# EXERCISE INPUTS
************

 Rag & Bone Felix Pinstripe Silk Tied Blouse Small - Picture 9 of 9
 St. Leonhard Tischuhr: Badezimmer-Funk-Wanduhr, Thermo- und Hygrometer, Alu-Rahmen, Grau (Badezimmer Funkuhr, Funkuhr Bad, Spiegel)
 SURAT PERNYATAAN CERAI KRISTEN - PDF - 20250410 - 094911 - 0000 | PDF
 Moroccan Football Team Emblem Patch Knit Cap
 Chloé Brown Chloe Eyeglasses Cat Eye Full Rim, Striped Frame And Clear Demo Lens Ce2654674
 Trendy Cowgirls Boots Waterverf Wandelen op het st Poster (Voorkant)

************

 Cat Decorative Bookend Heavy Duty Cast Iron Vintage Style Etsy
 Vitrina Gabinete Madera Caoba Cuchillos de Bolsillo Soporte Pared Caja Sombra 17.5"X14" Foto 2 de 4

************

# WHAT TO DO
Leave out every line above except those from the line with "Cat Decorative Bookend" up to and including the line with "Vitrina Gabinete Madera", and copy those exactly.

# COMPLETED TASK
 Cat Decorative Bookend Heavy Duty Cast Iron Vintage Style Etsy
 Vitrina Gabinete Madera Caoba Cuchillos de Bolsillo Soporte Pared Caja Sombra 17.5"X14" Foto 2 de 4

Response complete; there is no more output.